Objets connectés et puces à encre

En scannant cette ancre avec son smartphone le client final pourrait ainsi vérifier l’authenticité de son produit. Bien entendu, les informations stockées et modifiées sur ces cryptoanchors pourraient également être enregistrées sur la blockchain. Big Blue a également présenté une variante de ce dispositif d’authentification qui encode les informations liées au produit qui le porte à l’aide de points de couleurs. Une goutte d’eau placée sur cette puce active l’encre créée par IBM et révèle 32 points qui, sur 8 couleurs, contiennent 152 bits de données. «Le nombre de combinaisons est suffisant pour étiqueter tous les tests de paludisme individuellement pour les 2 trillions d’années à venir», avance l’entreprise.

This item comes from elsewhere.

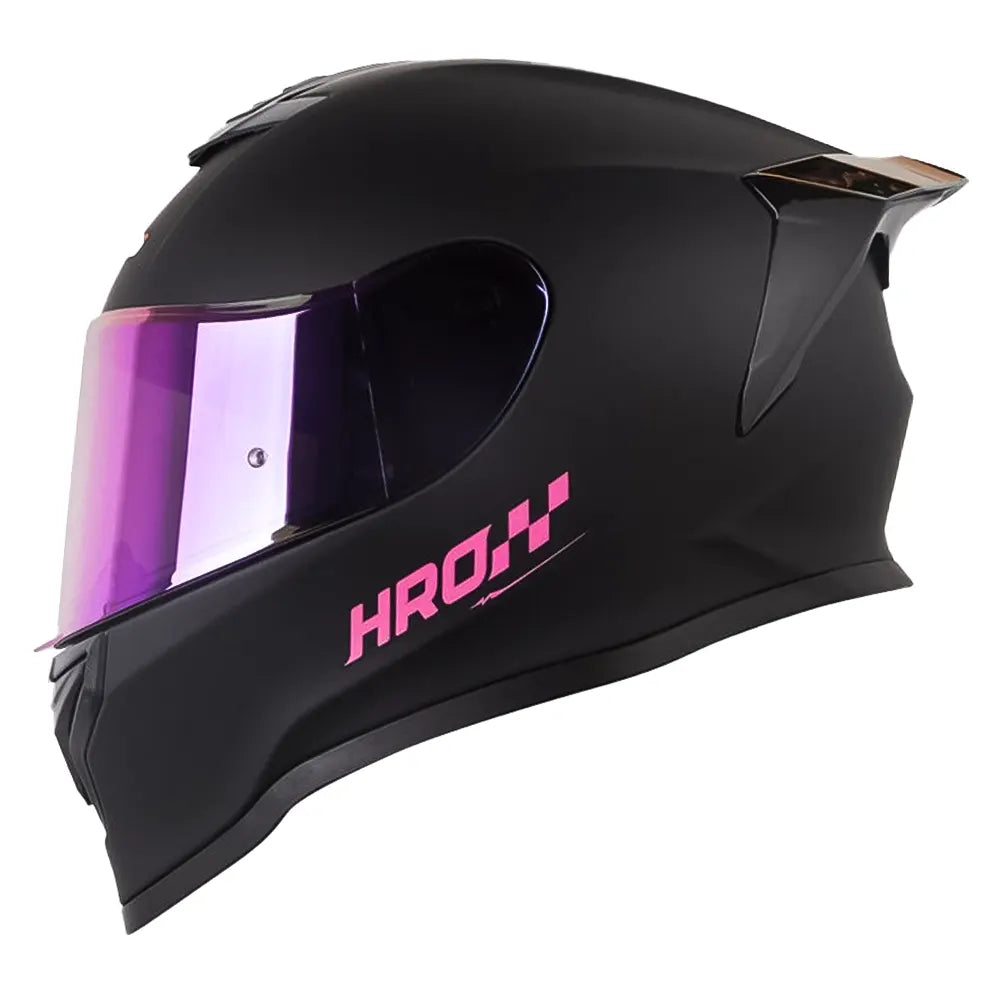 Casco Hro 506Sp Solid Negro Fucsia Visor Iridium Morado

Dans son laboratoire d’Yverdon-les-Bains, la start-up Ambrosus cherche elle aussi à automatiser la saisie des data dans la blockchain pour lutter contre la fraude et la contrefaçon. Elle développe des objets connectés qui, placés par exemple sur une palette, viendraient inscrire dans la blockchain les conditions (température, humidité, lumière, durée...) dans lesquelles voyagent les produits transportés. Dès lors, plus besoin de faire confiance à un opérateur qui entre ces données à la main ou de payer les services d’un certificateur. Reste le problème du premier maillon: difficile de mettre un séquenceur d’ADN, un analyseur de composants chimiques connectés et un GPS sur chaque morceau de bœuf ou, pire, sur chaque olive pour garantir que la matière première est bien de la bonne race ou variété, bio et made in Suisse. Sur ce point, «au tout début de la chaîne, il faut faire confiance au producteur», admet Stéphane Ballmer, Lead engineer chez Ambrosus.

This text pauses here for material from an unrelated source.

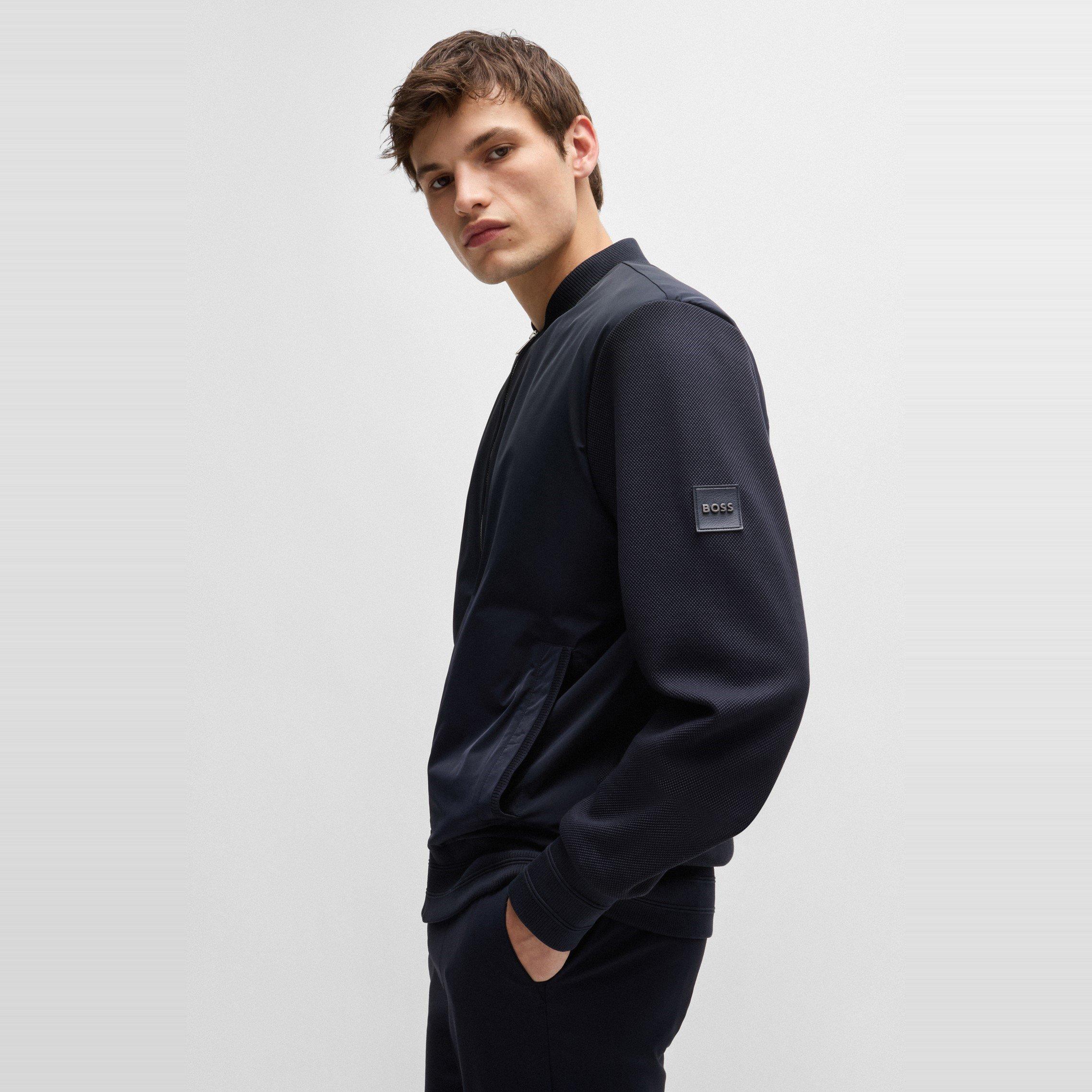 Dark Blue - Boss - Men's Skiles Cotton Full Zip Padded Softshell Jacket - 4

Parlez-vous le smartcontract?

Au-delà de cette nécessaire prévalidation des informations, confier ses données ou même son argent à une blockchain c’est faire confiance à un algorithme régissant les échanges qui ont lieu sur cette blockchain, et donc à un code. Or, qui peut se targuer d’avoir l’expertise pour valider de la régularité du code informatique sur lequel se base une blockchain? Bien peu de monde. Il faudrait alors s’appuyer sur les compétences d’un développeur professionnel capable d’analyser le code en question et de le certifier… ce qui revient de nouveau à faire confiance à un tiers.

Un problème que pointe le PDG de True Link, entreprise californienne offrant des services financiers aux personnes qui ont des difficultés à gérer leur argent (seniors et handicapés). Dans un billet publié sur Medium début avril, il explique que «s’il est vrai qu’il est difficile d’altérer les données stockées sur une blockchain, il est faux de penser que la blockchain est un bon moyen de créer des données intègres.» Selon lui, «dans le monde de la blockchain les individus ne s’appuient plus sur la confiance aux autres ou la réglementation, ils deviennent, volontairement, responsables de leur propre sécurité. Et si le logiciel qu’ils utilisent est malveillant ou bogué, ils auraient dû lire le code plus attentivement.» Ce qui implique la compétence pour le faire. Il ne s’agit pas ici de prendre le temps de déchiffrer les petites lignes d’indigestes conditions d’utilisation mais bien d’examiner du code, ce qui nécessite des connaissances pointues.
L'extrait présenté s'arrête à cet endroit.